◆ Task instructions
An exact reprint of every record below is required, with the pictures left out.
BEGIN Source data
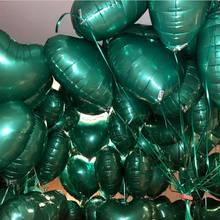 Balão redondo de alumínio de macaron para decoração, balão de metal metálico de 18 polegadas para chá de bebê, casamento, aniversário, festa, decoração de festa, balão com 10 peças 2024 - compre barato
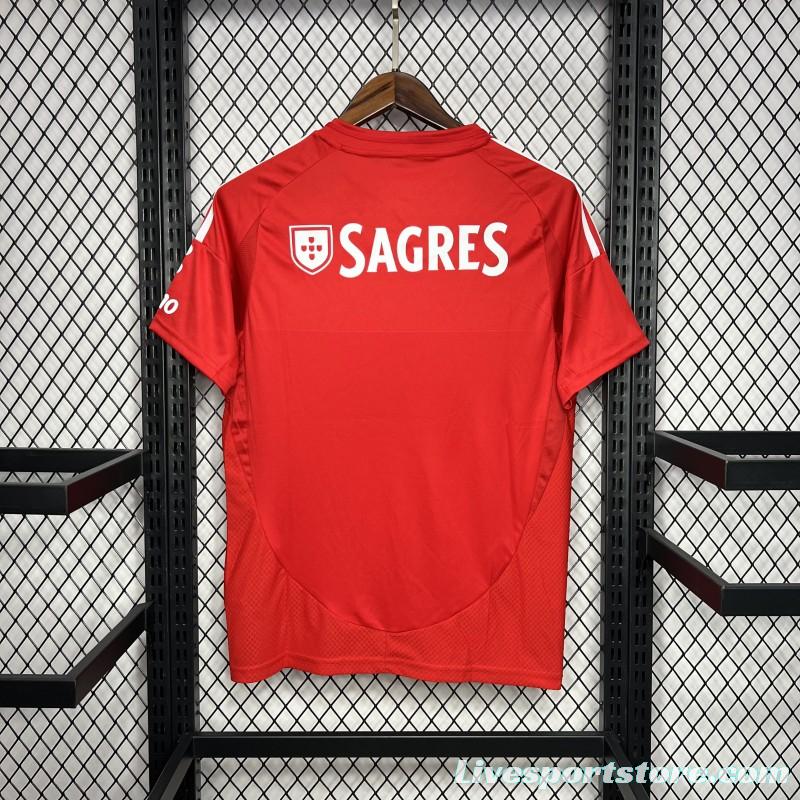 24/25 Benfica Home Jersey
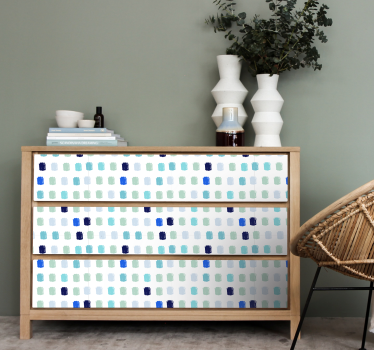 Folie til møbler geometrisk farvearrangement - TenStickers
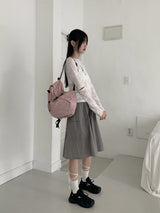 ペズルシースルーペイズリースリットクロップド長袖Tシャツ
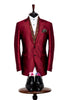 RED SILK WESTERN JACKET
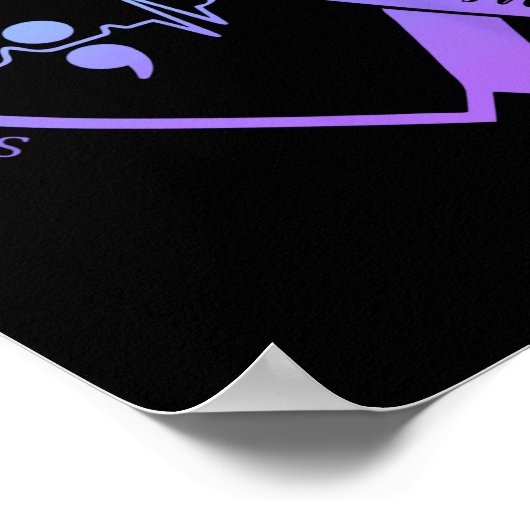 自殺防止認識度月ティール(緑がかった色)と紫 ポスター (角)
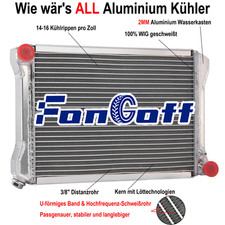 3 Reihig Aluminium Kühler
END Source data
◆ Expected output
 Balão redondo de alumínio de macaron para decoração, balão de metal metálico de 18 polegadas para chá de bebê, casamento, aniversário, festa, decoração de festa, balão com 10 peças 2024 - compre barato
 24/25 Benfica Home Jersey
 Folie til møbler geometrisk farvearrangement - TenStickers
 ペズルシースルーペイズリースリットクロップド長袖Tシャツ
 RED SILK WESTERN JACKET
 自殺防止認識度月ティール(緑がかった色)と紫 ポスター (角)
 3 Reihig Aluminium Kühler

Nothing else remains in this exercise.